Among the team is Ray Mendoza (D’Pharoah Woon-A-Tai), commanding officer Erik (Will Poulter), sniper Elliott (Cosmo Jarvis), MacDonald (Michael Gandolfini) and Sam (Joseph Quinn) as well as two Iraqi scouts working with them and the first measured and meticulous half hour or so covers the tedium of their waiting and watching anything that might be deemed suspicious as Elliott observes  through his sniper rifle’s sights at the jihadis in the street clearly up to something. It’s an increasingly tense watch for all of them and as in Alex Garland’s previous film, ‘Civil War’ there’s an excellent use of sound that emphasises Elliot’s breathing as he watches the potential insurgents over the road. At times the silence is deafening.  It’s when he hands over to a less experienced colleague as he goes to take a break that things go awry when there’s a momentary glimpse of a jihadi taking a heavy duty machine gun into the opposite house. The Navy SEAL hesitates in the split second he has to make the decision to shoot but it’s too late to take the shot. Shortly after it sees the teams position under attack. What follows in apparent real time sees the soldiers undergo a furious bombardment of fire and explosions that sees a rescue carrier destroyed and two colleagues severely injured.

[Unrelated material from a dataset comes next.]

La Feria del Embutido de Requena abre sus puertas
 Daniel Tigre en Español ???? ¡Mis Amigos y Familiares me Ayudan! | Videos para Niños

Retreating to the cover of the apartment the SEALS lose air cover and their base refuses to send another rescue vehicle.

Their fight is brilliantly realised with again the sound central to much of the action as low flying jets provide a ‘show of force’, and the explosions mute the hearing of both the soldiers and in turn the audience. The films many strengths is its realism thanks to the help of Ray Mendoza himself who had been a soldier in this particular incident and has acted as a military advisor on Garland’s Civil War and now co-writes and co-directs from what we are told is a film based on memories of what happened.

Warfare compresses the incident into an effective and gruelling 95 minute running times that takes you into the heart of the trauma and dilemma the soldiers find themselves but we never really find out  much about the team. Equally the Iraqi civilian residents whose apartment they commandeer are bundled away out of sight into a room and ignored for much of the film until near the end.  But whilst like all of Alex Garland’s films, Warfare is well made and wholly compelling nit there’s a sense  of wondering just why this particular story has been made into a film. It’s not an anti-war film, there’s no political insight, it has no narrative but is instead episodic albeit out of necessity as it is based on the soldiers memories. Not that that takes away from how well made Warfare is but Garland’s films have always had  more beyond the surface and that’s just not the case here.